#### [Assignment]
Write out all of the entries that follow, word for word, but skip the pictures.

#### [Entries provided]
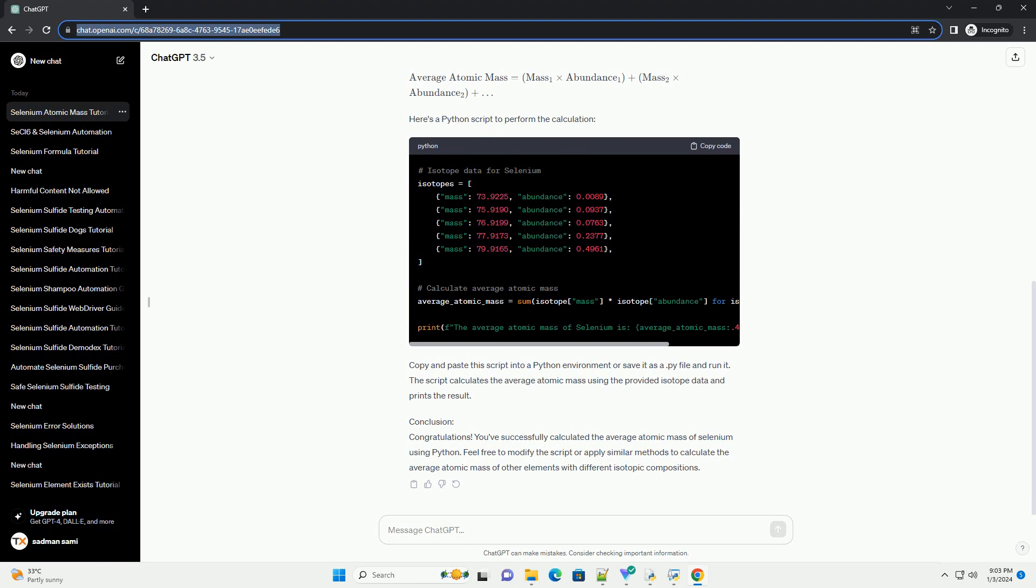Step 2: Calculate Average Atomic Mass. Now, we will use the isotope data to calculate the average atomic mass of selenium. The formula for average atomic mass is: Average atomic mass equals mass 1 times abundance 1 plus mass 2 times abundance 2 plus... Here's a Python script to perform the calculation.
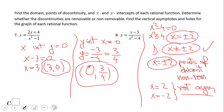For example 8, the points of discontinuity are positive 2 and negative 2. Also, x equals 2 and x equals negative 2 are vertical asymptotes. We have an x-intercept of (3, 0) and a y-intercept of (0, 3/4). We do not have any holes in this rational function.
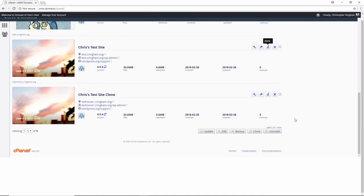And after the cloning process is finished, you'll have all the content from your original site onto the clone site. Note that the clone site has its own database and files, and it's a completely separate site at this point, so you can manage it as a completely separate entity now.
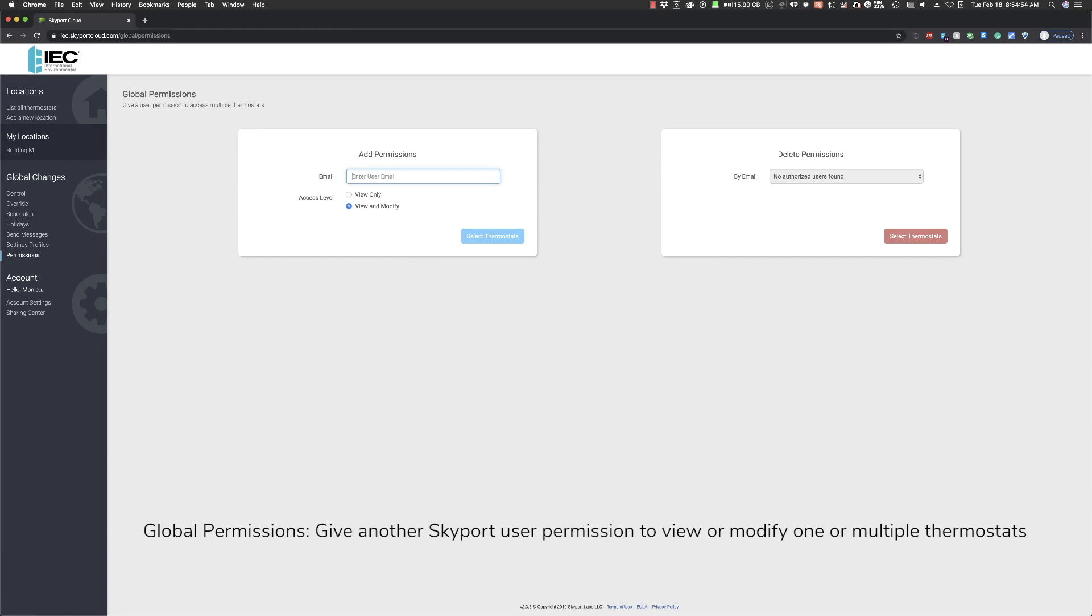There's one final function in Skyport to highlight. Once a location is created, there is an option to transfer the entire location, including all thermostats tied to that location, to another Skyport user. One example would be if the contractor sets up the Skyport account in thermostats, then transfers ownership to the property manager when appropriate.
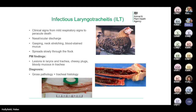ILT spreads relatively slowly through a flock over a period of days to weeks, in contrast to infectious bronchitis, which spreads rapidly. At post-mortem there are inflammatory and erosive lesions in the larynx and trachea, and you can find bloody mucus or cheesy deposits within the trachea — as shown here with blood, mucus and cheesy deposits visible.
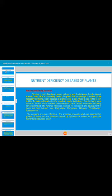Soil that has lost fertility is deficient in nutrients. To make soil healthy for plant growth, add plenty of well-rotted organic matter to the soil. By this method, diseases caused by nutrient deficiencies can be controlled.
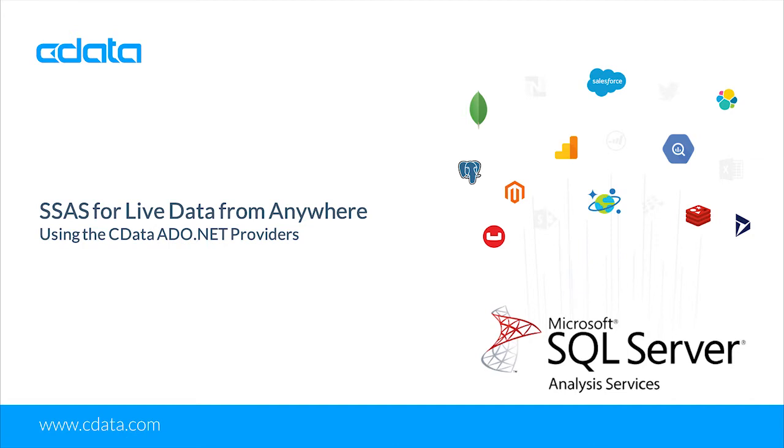In this video, we walk through creating OLAP cubes from a Snowflake data warehouse, and creating pivot tables on top of the cubes in Excel.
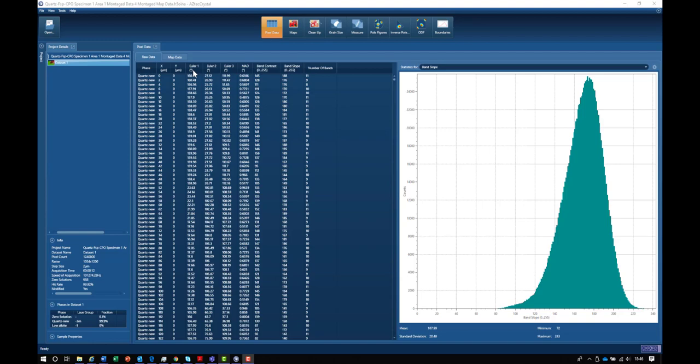In this form, the table doesn't help us very much. So what we do is take that data and plot it in the form of maps.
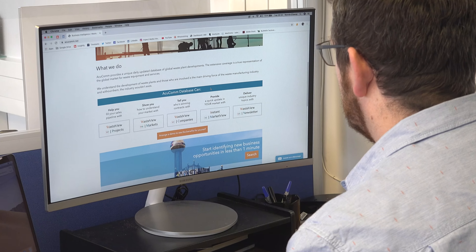By clicking on the Instant Market View tab, you can generate a graphic report of your search results. Each chart is interactive, allowing you to access related project details. Instant Market View reports can be printed or saved as PDFs for offline analysis.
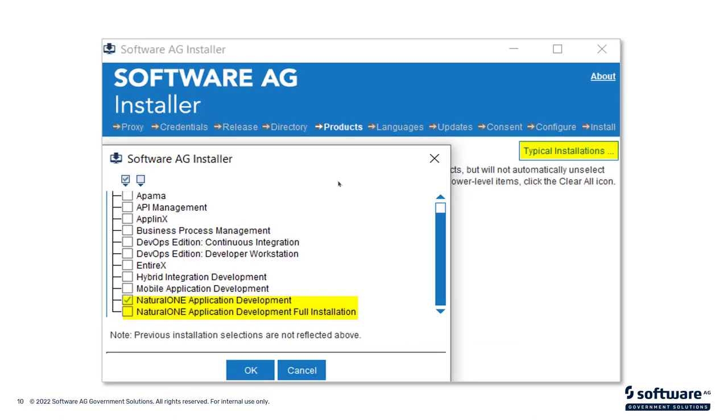In this case, you'll see that on the right-hand side, on the top of the screen, there's a typical installations button. If you click on that button, it will try and anticipate what it is that you're trying to do. As you see that's highlighted there, I have Natural One Application Development, Natural One Application Development Full Installation. In most cases, it's probably the easiest for you to select either one of those two options.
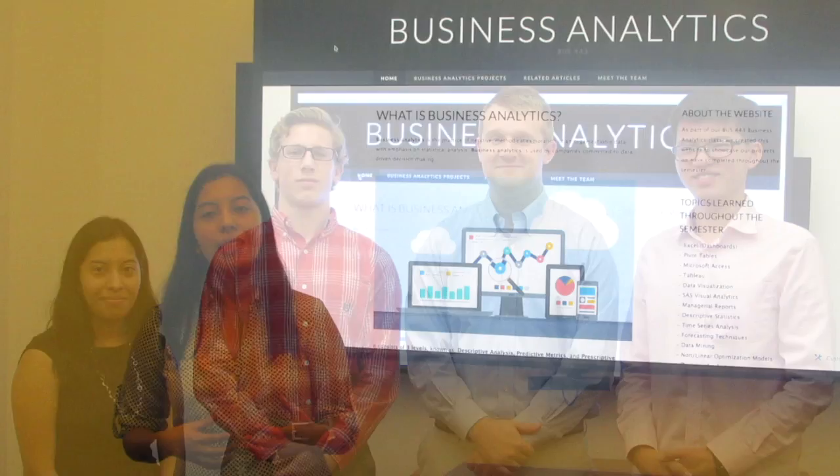Hi, our group is presenting Monte Carlo Analysis. I'm Alexander Simpson. My name is Ching-Juan Xu. My name is Garrett Murphy. I'm Diana Rubio. We hope you enjoy our presentation.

#### [Problem solution]
Step 2: Calculate Average Atomic Mass. Now, we will use the isotope data to calculate the average atomic mass of selenium. The formula for average atomic mass is: Average atomic mass equals mass 1 times abundance 1 plus mass 2 times abundance 2 plus... Here's a Python script to perform the calculation.
For example 8, the points of discontinuity are positive 2 and negative 2. Also, x equals 2 and x equals negative 2 are vertical asymptotes. We have an x-intercept of (3, 0) and a y-intercept of (0, 3/4). We do not have any holes in this rational function.
And after the cloning process is finished, you'll have all the content from your original site onto the clone site. Note that the clone site has its own database and files, and it's a completely separate site at this point, so you can manage it as a completely separate entity now.
There's one final function in Skyport to highlight. Once a location is created, there is an option to transfer the entire location, including all thermostats tied to that location, to another Skyport user. One example would be if the contractor sets up the Skyport account in thermostats, then transfers ownership to the property manager when appropriate.
ILT spreads relatively slowly through a flock over a period of days to weeks, in contrast to infectious bronchitis, which spreads rapidly. At post-mortem there are inflammatory and erosive lesions in the larynx and trachea, and you can find bloody mucus or cheesy deposits within the trachea — as shown here with blood, mucus and cheesy deposits visible.
Soil that has lost fertility is deficient in nutrients. To make soil healthy for plant growth, add plenty of well-rotted organic matter to the soil. By this method, diseases caused by nutrient deficiencies can be controlled.
In this video, we walk through creating OLAP cubes from a Snowflake data warehouse, and creating pivot tables on top of the cubes in Excel.
In this form, the table doesn't help us very much. So what we do is take that data and plot it in the form of maps.
By clicking on the Instant Market View tab, you can generate a graphic report of your search results. Each chart is interactive, allowing you to access related project details. Instant Market View reports can be printed or saved as PDFs for offline analysis.
In this case, you'll see that on the right-hand side, on the top of the screen, there's a typical installations button. If you click on that button, it will try and anticipate what it is that you're trying to do. As you see that's highlighted there, I have Natural One Application Development, Natural One Application Development Full Installation. In most cases, it's probably the easiest for you to select either one of those two options.
Hi, our group is presenting Monte Carlo Analysis. I'm Alexander Simpson. My name is Ching-Juan Xu. My name is Garrett Murphy. I'm Diana Rubio. We hope you enjoy our presentation.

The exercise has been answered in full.